十三話 念話の種類
シヴィとクロノアと俺の三人で、教室から出ていこうとするマロン先生の所に向かった。俺は向かったというより、シヴィの手に乗せられてただけだがな。
「トワイライト先生!ルヴィリカが念話を使いました!…ルヴィ、使って?」
「マロン先生、宜しく。…シヴィ、こんな感じで良い?」
俺が何か話すべきか、その場合、何を話したら良いか悩んでいたら、シヴィが急かしてきた。だから、どうでも良いことだけど、言ってなかったことを言って、不安になった。
「これは魔物独特の念話ですね。」
「皆と話したかったから、頭に話しかけるのを止めた。」
「なるほど。そうなると相手の考えていることがわからないことになりますね。」
「しようと思えば出来ると思う。」
「理解出来ていると?」
マロン先生の表情が、試すような、今にも怒りそうな、そんな先生の顔になった。
「自分なりに理解出来れば可能だ。」
「凄いですね!こんなに賢くて、しっかりと話す魔物には初めて出会いました!どのように育てたのですか?」
先程とは打って変わって、華が開いたかのような笑顔になったマロン先生は、食い気味でシヴィに聞いた。

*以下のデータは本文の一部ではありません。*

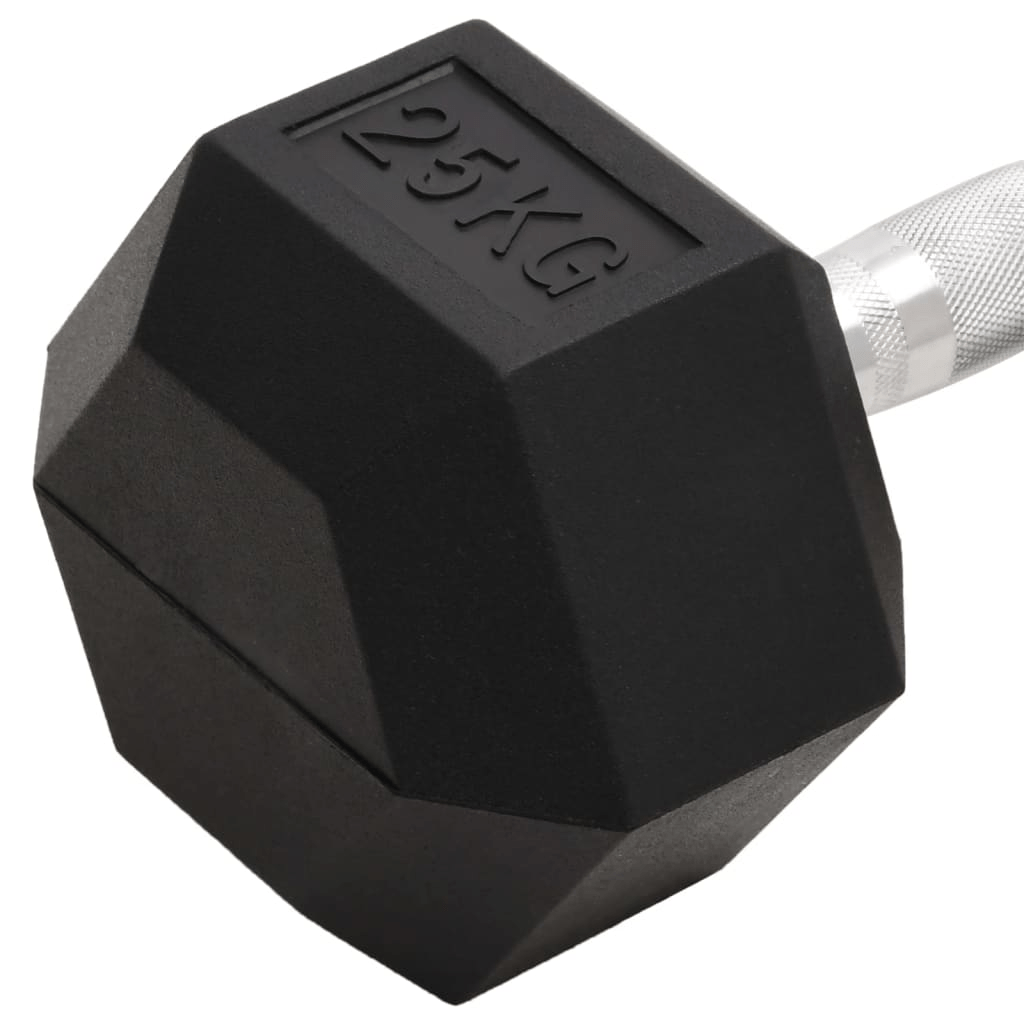 Dumbbell vidaXL 25 kg Cast Iron Dumbbell  Versatile, Durable Anti-Roll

「私が物心着く前から一緒に居ました。そして、どこに行くにも、いつも一緒に居ただけです。」
「その時に覚えたと?」
今度は俺に聞いてきた。まだ食い気味だ。
「さあな。竜種は賢いらしいからそうなんじゃない?」
誤魔化すと、一瞬、クロノアが俺を訝しむような顔で見てきたから、覚えてない風を装った。
「他の竜種と会ったことがない?」
マロン先生は驚いた表情で聞いてきた。
「ないね。」
ないに等しい。親には一瞬しか会ってないからな。
「お互いに生まれた時から一緒にいるのね。」
今度は優しい表情で俺とシヴィに言った。コロコロ表情が変わる、楽しい先生だな。
◇クロノア日記◇
一緒に居ただけ。教えてはいないということか?もしそうなら、会話を聞いただけで、初めて話すには流暢過ぎる。先生も隠していたが驚いていた。先生も驚くのなら普通ではないはず。加えて曖昧な返事をするのもおかしい。聞いて覚えたと答えれば良いものを。今度、父上に竜種について聞いてみよう。